Tuesday 1 July 2014

Bulgar wheat and roasted vegetable salad

I made this up to go with the middle eastern lamb shanks recipe as I wanted something nice and summery to go with it. You could use pretty much anything you want in any measure, including carb, so feel free to substitute rice or couscous but I like the wholegrain taste of the bulgar wheat.  The only thing you really need to do is to include a mix of roasted veg and traditional salad veg.  It was an instant hit and a number of folks have asked if I'm putting up the recipe, so here it is... enjoy :-) This will easily serve 8 but keeps in the 'fridge for 2-3 days and goes with any grilled meat or fish. If you want to just have it on it's own you can add some cubes of feta cheese to bump up the protein.


Ingredients
150-200g bulgar wheat
1 handful broad beans
1 handful peas
1-2 tablespoons olive oil
1 red pepper1 yellow pepper
1 aubergine
3 good size tomatoes
2 courgettes
1 corn on the cob
6 radishes
1 bunch spring onions
75g feta cheese (optional)
The juice of ½ a lemon
Salt and pepper to taste

Method
First prepare the bulgar wheat. Measure the wheat into a cup or measuring jug, add it to a saucepan and then add 5½ times the volume of boiling water and a good pinch of salt. Bring to the boil and keep on a rolling boil for 15 minutes. When the wheat is cooked, drain in a sieve and leave to cool.

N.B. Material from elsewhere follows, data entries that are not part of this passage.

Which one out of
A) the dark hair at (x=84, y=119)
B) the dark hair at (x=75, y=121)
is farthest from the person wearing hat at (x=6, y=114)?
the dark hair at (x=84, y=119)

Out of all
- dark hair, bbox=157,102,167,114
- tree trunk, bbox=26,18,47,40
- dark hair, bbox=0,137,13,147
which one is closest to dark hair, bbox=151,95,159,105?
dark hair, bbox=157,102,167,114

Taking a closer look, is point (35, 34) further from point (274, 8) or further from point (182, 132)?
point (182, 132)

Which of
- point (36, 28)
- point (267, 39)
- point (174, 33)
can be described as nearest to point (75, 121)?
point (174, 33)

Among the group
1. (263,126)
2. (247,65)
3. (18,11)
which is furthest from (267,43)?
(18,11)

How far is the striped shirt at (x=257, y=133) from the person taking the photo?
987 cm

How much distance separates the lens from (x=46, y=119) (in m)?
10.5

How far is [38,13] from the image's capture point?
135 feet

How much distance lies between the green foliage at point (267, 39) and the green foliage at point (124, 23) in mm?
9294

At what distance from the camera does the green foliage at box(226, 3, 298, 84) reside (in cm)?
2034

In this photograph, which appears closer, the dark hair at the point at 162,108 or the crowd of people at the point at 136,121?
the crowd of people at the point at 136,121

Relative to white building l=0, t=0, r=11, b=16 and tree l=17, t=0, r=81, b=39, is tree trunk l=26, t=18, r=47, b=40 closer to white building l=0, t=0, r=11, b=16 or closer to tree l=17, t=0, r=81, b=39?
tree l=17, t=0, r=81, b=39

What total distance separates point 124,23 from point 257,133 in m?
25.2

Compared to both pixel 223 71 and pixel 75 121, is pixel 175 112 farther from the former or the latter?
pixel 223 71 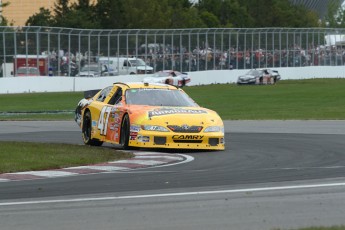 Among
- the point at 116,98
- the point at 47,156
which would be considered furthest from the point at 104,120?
the point at 47,156

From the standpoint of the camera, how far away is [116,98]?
20.6 m

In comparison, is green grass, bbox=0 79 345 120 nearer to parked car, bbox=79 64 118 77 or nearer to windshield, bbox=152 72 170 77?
parked car, bbox=79 64 118 77

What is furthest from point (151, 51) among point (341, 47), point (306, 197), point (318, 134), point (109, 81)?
point (306, 197)

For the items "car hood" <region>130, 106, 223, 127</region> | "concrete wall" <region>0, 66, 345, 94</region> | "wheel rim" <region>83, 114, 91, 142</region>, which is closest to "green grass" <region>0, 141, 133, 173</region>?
"car hood" <region>130, 106, 223, 127</region>

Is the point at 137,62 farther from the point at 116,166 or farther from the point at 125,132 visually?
the point at 116,166

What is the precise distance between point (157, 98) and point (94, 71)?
138ft

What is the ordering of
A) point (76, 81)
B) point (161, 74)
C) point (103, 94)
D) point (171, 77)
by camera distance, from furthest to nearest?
point (161, 74) < point (171, 77) < point (76, 81) < point (103, 94)

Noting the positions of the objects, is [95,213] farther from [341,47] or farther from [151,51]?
[341,47]

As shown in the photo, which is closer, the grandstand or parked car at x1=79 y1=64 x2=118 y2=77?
parked car at x1=79 y1=64 x2=118 y2=77

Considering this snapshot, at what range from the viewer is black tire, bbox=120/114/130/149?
63.5ft

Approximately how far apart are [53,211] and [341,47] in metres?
81.5

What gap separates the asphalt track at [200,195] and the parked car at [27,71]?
3921cm

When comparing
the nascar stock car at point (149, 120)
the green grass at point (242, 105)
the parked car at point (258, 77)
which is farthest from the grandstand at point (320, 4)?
the nascar stock car at point (149, 120)

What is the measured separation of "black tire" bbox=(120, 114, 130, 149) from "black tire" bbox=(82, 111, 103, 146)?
1345mm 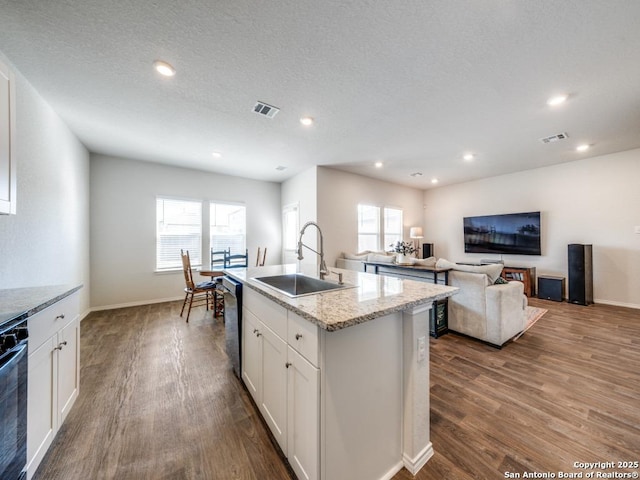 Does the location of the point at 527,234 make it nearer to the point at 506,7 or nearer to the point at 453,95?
the point at 453,95

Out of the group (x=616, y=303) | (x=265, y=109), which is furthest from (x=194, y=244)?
(x=616, y=303)

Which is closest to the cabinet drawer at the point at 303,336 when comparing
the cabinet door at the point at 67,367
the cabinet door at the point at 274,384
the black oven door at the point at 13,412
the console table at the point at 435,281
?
the cabinet door at the point at 274,384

Prepare the beans and peas by shelling them (you can use frozen if you like) and then add them to boiling water, bring to the boil and cook for no more than 2 minutes. Drain them and rinse with cold water to stop the cooking process.

While the bulgar wheat is cooking and cooling, prepare the roasted veg. I tend to fry them rather than cook in the oven as I have a griddle pan, but you can do either. De seed the peppers and cut into bite size pieces. Slice the aubergine and tomatoes 1½cm thick. Now heat a small amount of olive oil in the griddle pan until smoking and add the sliced pepper, aubergine and tomato (or spread on a non-stick baking sheet if using the oven and heat the oven to 200°ree;C), add a little salt and brown on each side, adding a little extra oil if needed.  The aubergine should be done last as it will absorb all the oil. Don't be tempted to use too much oil as this will make the whole dish greasy, try and use as little as possible - we're aiming for "fresh"!

To prepare the courgette, top and tail them and then using a potato peeler or mandolin slice them really finely then add a little salt and pepper to them. Cook them by adding them to the pan used for the other vegetables and be careful as they will cook quickly and go from raw to burnt so don't be tempted to take your eyes off them.

To cook the corn on the cob, again use the same pan and brown the cob on all sides b(this will take some time). Once it's cooked, leave to cool so you can handle it then top and tail the cob and slice off the corn from the core.

Prepare the radishes, spring onion and feta by slicing or cutting them to your preference (I'd suggest disks for the radish and spring onion and ½cm chunks for the feta).

Finally, mix everything together, add the juice of half a lemon and salt and pepper to taste and serve warm or cold.